El cuerpo de una ciudadana canadiense identificada como Jo Anne de Gagne, de 68 años, permanece bajo resguardo sanitario en el Hospital General “Dr. Aurelio Valdivieso” desde el pasado mes de diciembre.
A casi un mes de su fallecimiento, el personal del nosocomio, perteneciente al sistema IMSS-Bienestar, denunció una omisión de respuesta efectiva por parte de las autoridades migratorias, judiciales y consulares, lo que ha generado un vacío legal y administrativo que la unidad médica no puede solventar de forma autónoma.
De acuerdo con el expediente clínico, la paciente ingresó en estado crítico y murió a causa de un choque séptico pulmonar, neumonía intrahospitalaria y neumopatía intersticial, supuestamente.
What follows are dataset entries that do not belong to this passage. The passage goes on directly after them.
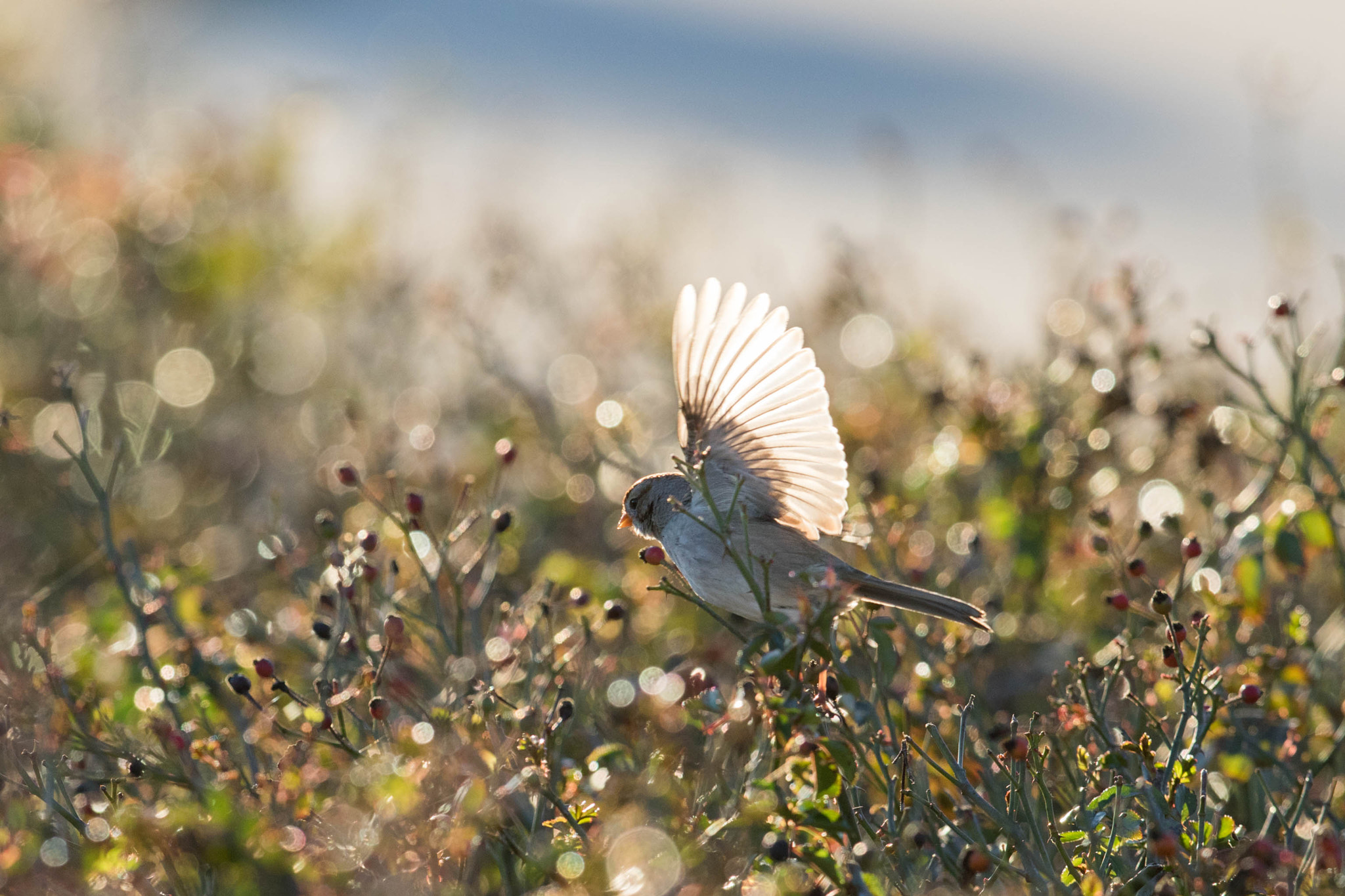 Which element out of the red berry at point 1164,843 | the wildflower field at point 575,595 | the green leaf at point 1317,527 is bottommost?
the wildflower field at point 575,595

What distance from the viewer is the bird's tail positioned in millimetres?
2602

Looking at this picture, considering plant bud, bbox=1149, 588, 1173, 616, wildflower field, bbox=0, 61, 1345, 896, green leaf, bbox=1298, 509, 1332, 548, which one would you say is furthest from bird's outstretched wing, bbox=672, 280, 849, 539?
green leaf, bbox=1298, 509, 1332, 548

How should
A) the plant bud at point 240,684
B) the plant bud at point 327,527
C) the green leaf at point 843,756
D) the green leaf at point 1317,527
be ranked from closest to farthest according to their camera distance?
the green leaf at point 843,756 → the plant bud at point 240,684 → the plant bud at point 327,527 → the green leaf at point 1317,527

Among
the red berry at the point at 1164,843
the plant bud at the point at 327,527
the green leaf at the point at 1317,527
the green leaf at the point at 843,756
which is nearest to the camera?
the red berry at the point at 1164,843

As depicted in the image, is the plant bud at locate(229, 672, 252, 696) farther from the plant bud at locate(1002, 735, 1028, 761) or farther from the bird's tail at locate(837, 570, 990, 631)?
the plant bud at locate(1002, 735, 1028, 761)

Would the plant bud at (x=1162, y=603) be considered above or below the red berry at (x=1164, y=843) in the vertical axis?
above

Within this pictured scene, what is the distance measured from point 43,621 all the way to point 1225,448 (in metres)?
3.41

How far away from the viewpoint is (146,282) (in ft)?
17.3

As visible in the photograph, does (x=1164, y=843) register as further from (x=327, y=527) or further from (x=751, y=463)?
(x=327, y=527)

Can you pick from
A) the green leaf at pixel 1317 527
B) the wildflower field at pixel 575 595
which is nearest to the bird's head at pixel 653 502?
the wildflower field at pixel 575 595

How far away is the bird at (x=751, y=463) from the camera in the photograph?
2.62m

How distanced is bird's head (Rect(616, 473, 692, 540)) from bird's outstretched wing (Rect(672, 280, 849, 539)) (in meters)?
0.09

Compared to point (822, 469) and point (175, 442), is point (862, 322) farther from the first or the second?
point (175, 442)

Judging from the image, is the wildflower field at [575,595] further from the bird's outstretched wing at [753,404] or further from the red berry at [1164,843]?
the bird's outstretched wing at [753,404] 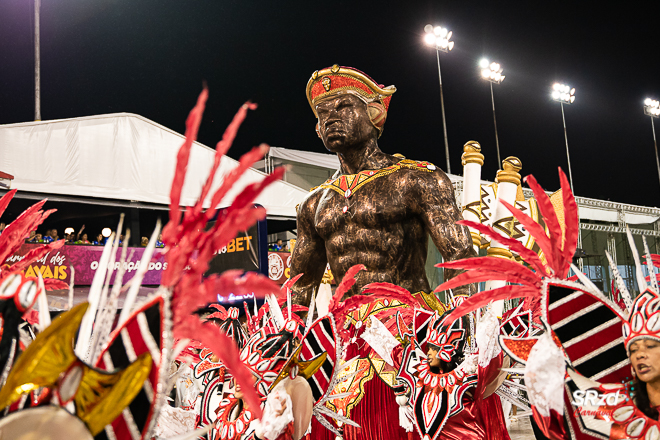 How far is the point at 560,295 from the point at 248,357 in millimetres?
774

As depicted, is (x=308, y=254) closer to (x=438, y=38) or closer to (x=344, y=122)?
(x=344, y=122)

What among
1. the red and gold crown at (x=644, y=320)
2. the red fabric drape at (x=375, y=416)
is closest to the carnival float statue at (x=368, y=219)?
the red fabric drape at (x=375, y=416)

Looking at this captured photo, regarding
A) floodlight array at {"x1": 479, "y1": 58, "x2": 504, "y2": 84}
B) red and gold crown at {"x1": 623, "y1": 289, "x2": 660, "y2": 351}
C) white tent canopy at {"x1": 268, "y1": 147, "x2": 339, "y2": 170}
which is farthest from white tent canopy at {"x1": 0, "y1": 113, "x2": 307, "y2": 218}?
floodlight array at {"x1": 479, "y1": 58, "x2": 504, "y2": 84}

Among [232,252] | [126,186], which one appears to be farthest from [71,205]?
[232,252]

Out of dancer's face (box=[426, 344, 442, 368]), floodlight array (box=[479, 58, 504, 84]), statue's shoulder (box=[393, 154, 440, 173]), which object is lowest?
dancer's face (box=[426, 344, 442, 368])

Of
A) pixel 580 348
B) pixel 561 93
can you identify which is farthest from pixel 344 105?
pixel 561 93

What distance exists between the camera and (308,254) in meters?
2.82

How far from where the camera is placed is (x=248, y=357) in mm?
1437

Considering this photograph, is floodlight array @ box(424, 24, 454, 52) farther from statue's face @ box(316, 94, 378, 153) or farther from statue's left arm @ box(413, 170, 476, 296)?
statue's left arm @ box(413, 170, 476, 296)

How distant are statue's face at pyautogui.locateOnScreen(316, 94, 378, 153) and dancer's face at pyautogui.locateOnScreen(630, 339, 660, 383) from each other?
1.90 m

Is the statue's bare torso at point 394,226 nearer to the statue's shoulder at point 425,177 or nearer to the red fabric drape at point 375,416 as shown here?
the statue's shoulder at point 425,177

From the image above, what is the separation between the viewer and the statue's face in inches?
105

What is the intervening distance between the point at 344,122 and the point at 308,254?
2.20 feet

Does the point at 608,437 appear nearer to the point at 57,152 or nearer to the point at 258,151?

Pese a que el hospital ha mantenido el cuerpo en un enfriador, el cual es obsoleto, hasta el momento no se ha presentado ningún familiar o representante legal para reclamar los restos, y tampoco se ha esclarecido su situación migratoria ni su condición jurídica definitiva en el país.
La urgencia de una intervención institucional se ve reforzada por el hallazgo de pertenencias personales de la fallecida, entre las que se encuentran teléfonos móviles, tarjetas bancarias y otros bienes localizados tanto en el hospital como en el hostal donde residía.
La falta de un procedimiento legal definido impide el manejo adecuado de estos activos y mantiene el caso en un estado de incertidumbre que sobrepasa las funciones del personal sanitario.
Trabajadores de la institución, quienes solicitaron el anonimato, calificaron la situación como un “abandono institucional” que impone una carga operativa y humanitaria injustificada al hospital.
Según señalaron, el centro médico ha cumplido cabalmente con su responsabilidad médica, pero enfatizaron que no les corresponde sustituir las funciones de las autoridades competentes, instando a una resolución inmediata que garantice la dignidad humana y el respeto al cuerpo de la ciudadana extranjera.